ASSIGNMENT: This exercise asks for every line of the material that includes the word "Afbeelding".

DATA FOR REVIEW:
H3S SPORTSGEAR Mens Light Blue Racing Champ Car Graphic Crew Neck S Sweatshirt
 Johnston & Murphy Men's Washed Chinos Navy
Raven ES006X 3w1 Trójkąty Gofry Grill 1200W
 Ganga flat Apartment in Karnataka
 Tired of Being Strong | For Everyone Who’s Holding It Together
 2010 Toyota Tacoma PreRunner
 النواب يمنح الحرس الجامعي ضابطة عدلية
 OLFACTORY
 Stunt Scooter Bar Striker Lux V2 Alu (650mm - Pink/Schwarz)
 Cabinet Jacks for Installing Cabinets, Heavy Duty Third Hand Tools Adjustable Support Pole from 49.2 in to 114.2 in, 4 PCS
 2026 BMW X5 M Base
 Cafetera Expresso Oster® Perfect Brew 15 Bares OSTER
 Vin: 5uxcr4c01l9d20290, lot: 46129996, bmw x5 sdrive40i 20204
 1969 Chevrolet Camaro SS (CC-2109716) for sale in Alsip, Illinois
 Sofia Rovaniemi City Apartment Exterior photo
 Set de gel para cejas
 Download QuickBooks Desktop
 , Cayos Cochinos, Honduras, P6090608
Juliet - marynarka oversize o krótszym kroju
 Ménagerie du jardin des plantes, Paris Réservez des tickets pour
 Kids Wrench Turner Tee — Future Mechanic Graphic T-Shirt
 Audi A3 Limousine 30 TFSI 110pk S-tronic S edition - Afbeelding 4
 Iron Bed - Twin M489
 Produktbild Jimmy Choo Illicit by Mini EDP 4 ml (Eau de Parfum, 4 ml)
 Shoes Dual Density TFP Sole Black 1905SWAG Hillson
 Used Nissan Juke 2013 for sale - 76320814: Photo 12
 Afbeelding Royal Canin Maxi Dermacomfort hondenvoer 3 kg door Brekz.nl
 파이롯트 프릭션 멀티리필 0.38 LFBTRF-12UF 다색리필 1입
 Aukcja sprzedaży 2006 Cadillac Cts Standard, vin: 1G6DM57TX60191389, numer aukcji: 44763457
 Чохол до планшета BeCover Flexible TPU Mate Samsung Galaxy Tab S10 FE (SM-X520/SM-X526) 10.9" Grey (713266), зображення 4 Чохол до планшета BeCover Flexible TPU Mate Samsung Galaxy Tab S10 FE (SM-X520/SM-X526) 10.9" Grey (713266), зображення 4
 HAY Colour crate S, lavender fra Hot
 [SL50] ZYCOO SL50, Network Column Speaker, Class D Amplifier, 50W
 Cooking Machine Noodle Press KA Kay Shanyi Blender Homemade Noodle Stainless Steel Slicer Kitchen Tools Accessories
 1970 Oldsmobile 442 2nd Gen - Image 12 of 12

SOLUTION TO THE PROBLEM:
 Audi A3 Limousine 30 TFSI 110pk S-tronic S edition - Afbeelding 4
 Afbeelding Royal Canin Maxi Dermacomfort hondenvoer 3 kg door Brekz.nl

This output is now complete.